After some time the wise Rabbi became suspicious and asked, "Irving what are you really up to?" Irving, filled with feelings of guilt and remorse confessed to the Rabbi, "I'm sorry, Rabbi.
My friend is sleeping with your wife right now, so he asked me to keep you occupied."
The Rabbi smiled, put a brotherly hand on Irving's shoulder and said, "You'd better hurry home, Irving. My wife died two years ago."
Today's Rabbi jokeA Rabbi is walking slowly out of a Shul in New York when a gust of wind blows his hat down the street.
He is an old man with a cane and can't walk fast enough to catch his hat.
Across the street a man sees what has happened and rushes over to grab the hat and returns it to the Rabbi.
"I don't think I would have been able to catch my hat." the Rabbi says. "Thank you very much."
The Rabbi places his hand on his shoulder and says, "May God bless you." The young man thinks to himself, "I've been blessed by the Rabbi, this must be my lucky day!"
So he goes to the racetrack and in the first race he sees there is a horse named Stetson at 20 to 1.
He bets $50 and sure enough the horse comes in first.
In the second race he sees a horse named Fedora at 30 to 1 so he bets it all and this horse comes in first also.
Finally at the end of the day he returns home to his wife who asks him where he's been.
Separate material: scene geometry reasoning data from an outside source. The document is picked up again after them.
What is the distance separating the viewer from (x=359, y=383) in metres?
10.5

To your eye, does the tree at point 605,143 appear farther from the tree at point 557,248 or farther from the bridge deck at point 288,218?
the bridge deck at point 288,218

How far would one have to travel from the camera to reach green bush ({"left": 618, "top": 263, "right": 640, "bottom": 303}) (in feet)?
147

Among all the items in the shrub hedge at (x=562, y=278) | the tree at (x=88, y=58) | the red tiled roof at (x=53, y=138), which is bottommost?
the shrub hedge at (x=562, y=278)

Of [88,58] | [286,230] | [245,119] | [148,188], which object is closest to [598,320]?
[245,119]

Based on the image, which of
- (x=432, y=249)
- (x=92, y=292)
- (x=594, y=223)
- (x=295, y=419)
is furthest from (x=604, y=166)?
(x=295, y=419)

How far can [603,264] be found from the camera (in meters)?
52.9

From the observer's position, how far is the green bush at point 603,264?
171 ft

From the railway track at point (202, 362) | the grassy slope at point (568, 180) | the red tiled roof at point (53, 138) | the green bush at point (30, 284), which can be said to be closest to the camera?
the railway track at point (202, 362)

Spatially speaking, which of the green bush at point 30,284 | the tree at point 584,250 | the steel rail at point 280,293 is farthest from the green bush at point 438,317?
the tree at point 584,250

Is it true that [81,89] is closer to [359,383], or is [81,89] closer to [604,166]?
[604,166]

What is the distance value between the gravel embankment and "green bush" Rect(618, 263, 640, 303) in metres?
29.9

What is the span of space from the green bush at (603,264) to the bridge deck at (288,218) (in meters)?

He explains how he caught the Rabbi's hat and was blessed by him and the went to the track and started winning on horses that had a hat in their names.
"So where's the money?" she says.
"I lost it all in the ninth race. I bet on a horse named Chateau and it lost."
"You fool!" she said, "Chateau is a house, Chapeau is a hat."
"It doesn't matter," he said, "the winner was some Japanese horse named Yamulka."